Michele Andrea Bowen
A native of St. Louis, Missouri, Michele Andrea Bowen was educated in the St. Louis Public School System in segregated schools. Although her family did not have a lot of money, they were blessed with health, lots of love, friends, family and a wonderful church home: the Washington Metropolitan A.M.E. Zion Church, a historic institution that was established in the city during the late nineteenth century. She started telling stories when she was little, and then, at the suggestion of her mother, writing stories when she was eight or nine years old. Her first stories were generally about little black girls who lived in St. Louis. These tales were taken to another level when Bowen reached high school and started writing about black urban teen life during the 1970s. Her first audience consisted of her cousins (as she is an only child) and good friends, who read the handwritten stories and passed them down, page-by-page, mid-west assembly line style, reader-to-reader while they sat on the porch or at the lunch table at school.
Bowen attended Washington University in St. Louis and earned an undergraduate degree with honors in psychology. She has a M.S.W. in Social Work and a M. Ed. in Counseling Education from Washington University. She also holds graduate degrees in Public Health as well as United States History from the University of North Carolina at Chapel Hill.

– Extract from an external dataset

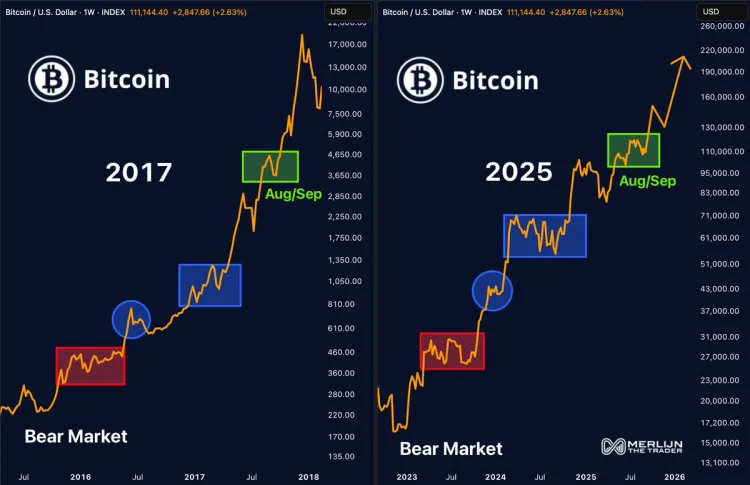 Цена Биткойна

On her way to becoming a history professor, the “writing bug really hit” and she started writing what was the rough draft of her first novel, Church Folk, which was published in June 2001. Since that time, Bowen has published three more books: Second Sunday (June 2003), Holy Ghost Corner (September 2006), and Up at the College (April 2009). Her fifth book, More Church Folk, will be out in August 2010. She has finished the synopses for her next novels and is working on a teen series. She states, “Writing is a ministry for me. I love the Lord and I love writing about God and church life. It has been a tremendous blessing to reach so many people with my stories. I praise God for this. I can’t imagine writing in any other way.”